The inspectors verified that the permanent placard and signage near the entrance of the room were present and visible. The written instructions on these signs read You are entering a flood control area. Do not store material on the corner room floors Elevation 673, that may be swept into the floor drains by a flooding event; and No floatable material or materials that could plug floor drains may be stored in this area.
The storage of material in these areas was also discussed in emergency operating procedure LGA 002, Secondary Containment Control. For areas listed in Table W of the procedure, comprising the ECCS corner rooms and reactor building raceways, the procedure discussed that if materials were to clog the floor drains during an internal flooding event, the systems availability, and station response to the event, could be adversely impacted.
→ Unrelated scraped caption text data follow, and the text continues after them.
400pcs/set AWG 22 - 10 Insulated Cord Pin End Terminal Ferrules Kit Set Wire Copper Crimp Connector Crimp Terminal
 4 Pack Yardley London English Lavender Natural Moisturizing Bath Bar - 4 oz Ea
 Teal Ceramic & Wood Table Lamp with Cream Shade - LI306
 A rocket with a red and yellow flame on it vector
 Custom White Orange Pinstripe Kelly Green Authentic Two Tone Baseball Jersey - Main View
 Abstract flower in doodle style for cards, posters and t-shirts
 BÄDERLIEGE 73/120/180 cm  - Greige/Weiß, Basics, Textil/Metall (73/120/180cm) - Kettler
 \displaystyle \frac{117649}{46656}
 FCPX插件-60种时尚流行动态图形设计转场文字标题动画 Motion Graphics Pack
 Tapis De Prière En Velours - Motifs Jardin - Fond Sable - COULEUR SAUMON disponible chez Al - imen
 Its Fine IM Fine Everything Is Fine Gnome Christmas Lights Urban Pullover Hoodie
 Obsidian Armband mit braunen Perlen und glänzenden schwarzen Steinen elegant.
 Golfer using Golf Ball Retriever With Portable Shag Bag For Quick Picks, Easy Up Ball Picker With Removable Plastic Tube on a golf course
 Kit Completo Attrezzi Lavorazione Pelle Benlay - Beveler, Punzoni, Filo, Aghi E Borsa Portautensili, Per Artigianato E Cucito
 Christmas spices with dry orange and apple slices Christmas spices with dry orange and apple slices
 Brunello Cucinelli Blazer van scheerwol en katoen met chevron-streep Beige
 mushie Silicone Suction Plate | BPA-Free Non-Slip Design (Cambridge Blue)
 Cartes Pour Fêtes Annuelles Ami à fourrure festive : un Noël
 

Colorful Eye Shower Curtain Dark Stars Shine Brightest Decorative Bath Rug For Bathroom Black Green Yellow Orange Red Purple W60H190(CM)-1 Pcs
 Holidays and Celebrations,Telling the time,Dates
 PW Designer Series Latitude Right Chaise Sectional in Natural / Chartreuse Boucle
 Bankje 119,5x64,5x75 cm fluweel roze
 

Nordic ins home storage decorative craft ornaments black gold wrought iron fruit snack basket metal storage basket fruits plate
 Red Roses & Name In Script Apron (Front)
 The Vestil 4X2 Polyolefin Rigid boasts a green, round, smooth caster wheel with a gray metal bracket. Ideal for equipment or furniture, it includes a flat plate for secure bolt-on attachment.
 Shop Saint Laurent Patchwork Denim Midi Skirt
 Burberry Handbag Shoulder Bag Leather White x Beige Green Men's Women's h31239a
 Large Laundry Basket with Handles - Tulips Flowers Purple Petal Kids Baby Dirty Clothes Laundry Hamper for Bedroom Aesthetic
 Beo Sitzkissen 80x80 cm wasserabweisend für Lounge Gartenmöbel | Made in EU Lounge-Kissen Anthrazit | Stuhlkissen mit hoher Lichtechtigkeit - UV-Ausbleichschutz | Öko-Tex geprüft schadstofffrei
With clogged floor drains, the amount of time that it would take for accumulating water to reach a height that would impact local safety systems ability to perform their functions would be decreased because the waters ability to get pumped out by the sump pump would be impeded. The stations response to high water conditions in flood control areas (per LGA-002) could have also been adversely impacted by clogged drains if water that would have otherwise been within the capacity of sump pumps to remove, accumulated to the point of driving otherwise avoidable actions such as scramming the unit per section 28 of the procedure.
The inspectors noted that on two previous occasions in 2013 (ARs 01501319 and 014964572), prohibited items were identified by the NRC within LGA-002 Detail W areas, but the quantity of material present was smaller than that of the May 2014 occurrence and did not impact system operability. The inspectors also noted that in each instance, corrective actions were taken by the licensee, but that they were not effective at preventing this problem from recurring.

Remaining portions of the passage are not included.